§ About this exercise
The answer should hold only the lines from the one containing "Lampada a sospensione" through the one containing "MCU)스파이더맨 노웨이홈 전개를 인터넷보고 바꿨다는 감독_1.jpg" in the entries below, copied exactly, without pictures.

§ Record set

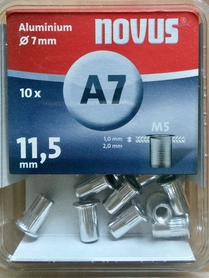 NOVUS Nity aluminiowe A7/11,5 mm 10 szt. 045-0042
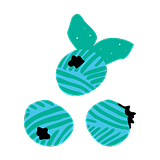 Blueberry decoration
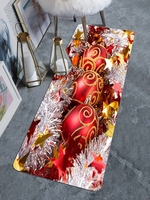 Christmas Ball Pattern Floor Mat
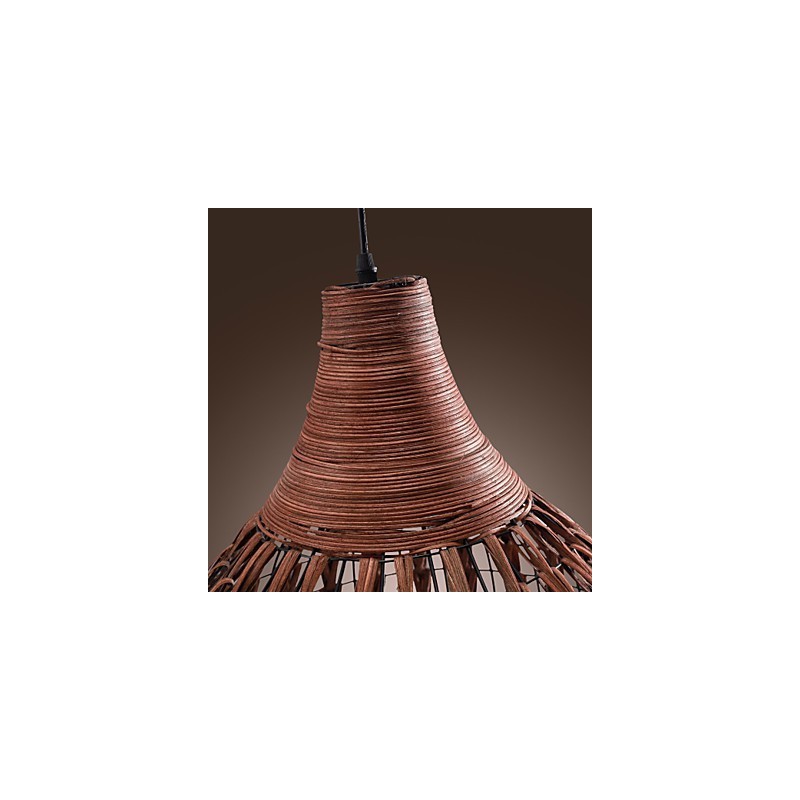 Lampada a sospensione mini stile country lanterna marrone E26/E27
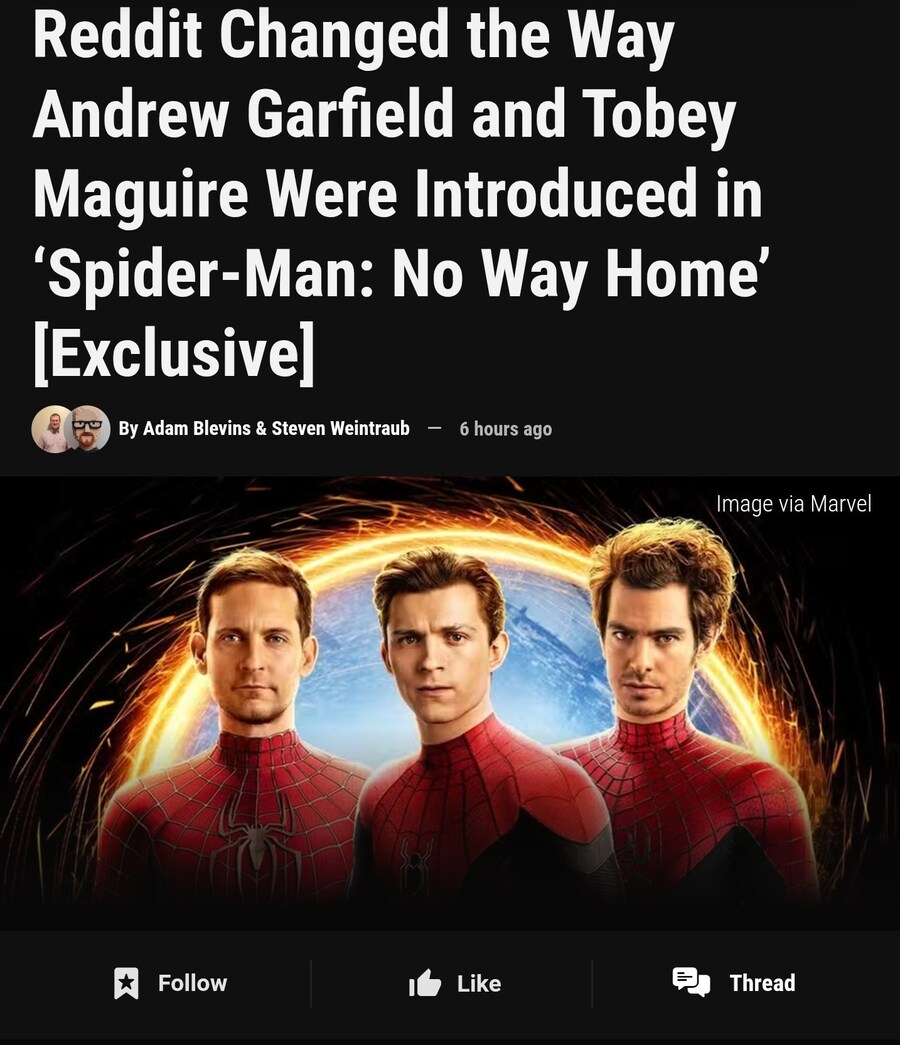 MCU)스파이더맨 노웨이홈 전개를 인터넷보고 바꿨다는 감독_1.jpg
==
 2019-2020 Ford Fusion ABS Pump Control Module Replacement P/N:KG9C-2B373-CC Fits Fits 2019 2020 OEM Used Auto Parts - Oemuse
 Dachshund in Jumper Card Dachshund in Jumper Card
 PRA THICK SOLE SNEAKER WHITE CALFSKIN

§ Result of this exercise
 Lampada a sospensione mini stile country lanterna marrone E26/E27
 MCU)스파이더맨 노웨이홈 전개를 인터넷보고 바꿨다는 감독_1.jpg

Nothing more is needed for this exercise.